学習漫画や雑誌が好きで、それで育ったという人だってたくさんいる。
あまり語られることの少なかったそれらの本にもフォーカスして「子どもの本」として括るのが何とも新鮮。私自身も図鑑と漫画が大好きで、それを読みながら大人になった。
しかし、まるで知らなかった。
97年から続く出版不況のなか、子どもの本は売れていたのね。
本書は非常に珍しい子どもの本の通史。
資料と図表も多く綿密な取材のほどが分かるし、論旨は明解で読みやすい。
子どもの本がどういう思想で書かれ、どんな歴史的背景があるのかまで論じており、参考文献もぎっしりという力作。これは面白いよ。
90年代後半から多角的に展開された読書推進活動。
これがイデオロギッシュなものと思われがちな訳を、初めて知ることになった。
日本社会党の肥田美代子議員が、91年11月の国会で「1953年に制定された学校図書館法に『当分の間司書教諭を置かない』とあるが、当分の間とはいつまでか」と質問した。
これが皮切りとなり学校図書館の実態調査がはじまる。
すると、ほとんどの時間鍵をかけっ放しで放置されたままの図書館だらけと判明。
まず学校図書館を整備することからはじめ、ここから政治・行政・民間の連携で読書推進運動が広がってきたということだ。
88年から始まっている「朝読」は、当初は学級崩壊を防ぐ目的だった。
赤ちゃん向けの「ブックスタート」もある。
これで本に親しんだ幼児が「お話会」で更になじみ、今や小学生の段階で読書会やブックトーク、アニマシオンやビブリオバトルなども行われている。

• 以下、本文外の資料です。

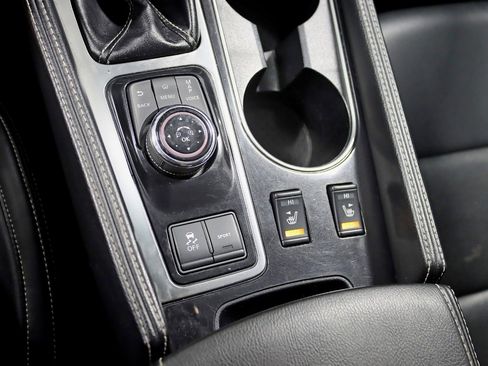 Used 2022 Nissan Maxima SL image 23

週に一回は国語の授業を読書にあてて、その際図書館を使うということも多い。
本の需要が高まるにつれ図書費も比例して上がれば問題ないが、そうは事が運ばない。
図書館にない本は家庭で購入するようになる。
図書費の7割以上は「調べ学習」用という調査結果がある。
しかもこれらは高価格。読み物中心だった学校図書館は方向転換したということだ。
では家庭での書籍購入費は増えたのかと言うと、ほぼ横ばい。
つまり、雑誌購入を諦めて書籍代にまわしたのだろうという著者の考察はなかなか鋭い。
「○○時代」とか「○○コース」などという雑誌類は軒並み廃刊に追いやられている。小学生の頃大好きだった「学習」と「科学」までがないとは驚きだ。
反面、親子で読める本や大人も読める児童書の需要が高まってきたということ。
図書館も子どもも大人も、更に出版側もともに進化してきたのだ。
本書では「コロコロ」や「ジャンプ」の売れ続けるわけも考察している。
大人からの一方通行ではなく、子どもが参加できる要素があること。
流行・時事風俗を取り入れること。覇権メディアと連携すること。
以上3つの要素を満たすため、逆風吹き荒れる子どもの雑誌市場で今もトップに君臨するということらしい。「おしりたんてい」や「ルルとララ」「ゾロリ」なども登場する。
何ゆえ読まれるかを調査すると、実は非常によく研究された本だとわかる。
子どもに良い本を与えよう、読書で教育しようなどとゆめゆめ思ってはいけない。
石井桃子さんだって、そんなことは微塵も発言されなかった。
ところで、読書率をあげている子ども世代は今後も読み続けていくのだろうか。
ティーンエイジャーになったときの市場は充実しているのだろうか。
何より深い読み取りは出来ているのか、大人は良いガイド役になれているだろうか。
著者にはぜひ続編をのぞみたい。類書のない、非常によく工夫された本。
子どもの本に関わる全ての方におすすめ。 -
作者の
謎①子ども向けの「本」市場だけが復活し、「雑誌」はボロボロ
謎②ヒット作の背景がわからない
謎③なぜか通史を書いた本がない
謎を多数の参考文献より紐解く、まるでこどもの本に関する論文のような本であった。
戦後からのこども向けの絵本・児童書・雑誌・テレビ・ゲーム・メディアも含めた「こどもの本」の通史(=流行)としてよくまとまっている。しかも、マーケティング視点なのでよみやすい。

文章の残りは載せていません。